━━ DATA SEGMENT

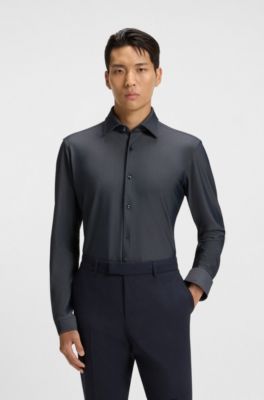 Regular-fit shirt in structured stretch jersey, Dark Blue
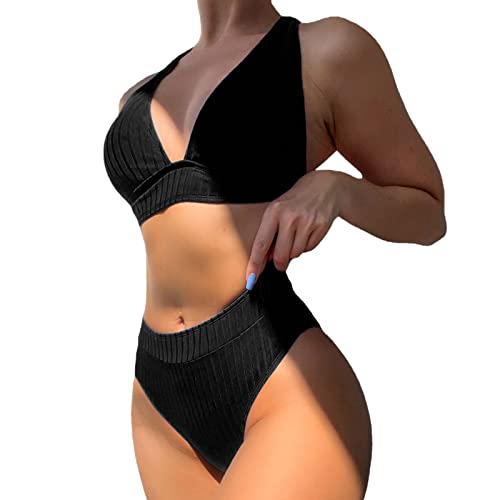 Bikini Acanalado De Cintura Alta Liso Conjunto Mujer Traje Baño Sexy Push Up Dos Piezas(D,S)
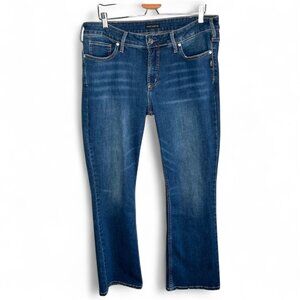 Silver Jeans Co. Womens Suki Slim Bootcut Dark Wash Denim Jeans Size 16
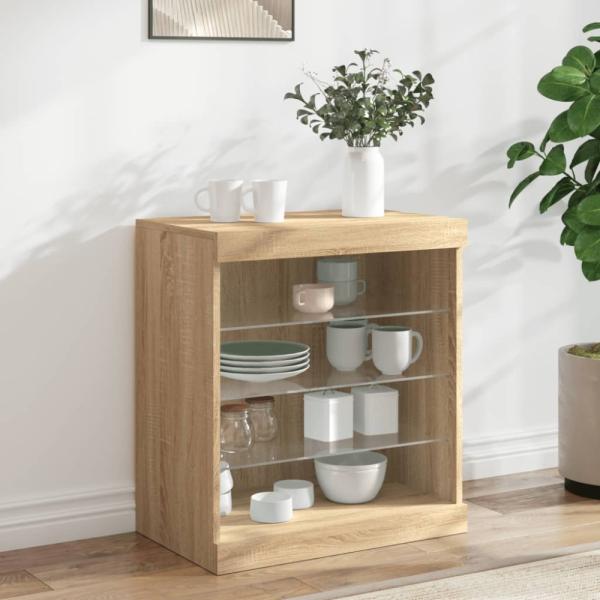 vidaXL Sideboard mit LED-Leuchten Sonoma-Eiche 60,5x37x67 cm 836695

━━━━

Every line of the data above is to be repeated exactly; the images are to be left out.

- EXPECTED ANSWER:
 Regular-fit shirt in structured stretch jersey, Dark Blue
 Bikini Acanalado De Cintura Alta Liso Conjunto Mujer Traje Baño Sexy Push Up Dos Piezas(D,S)
 Silver Jeans Co. Womens Suki Slim Bootcut Dark Wash Denim Jeans Size 16
 vidaXL Sideboard mit LED-Leuchten Sonoma-Eiche 60,5x37x67 cm 836695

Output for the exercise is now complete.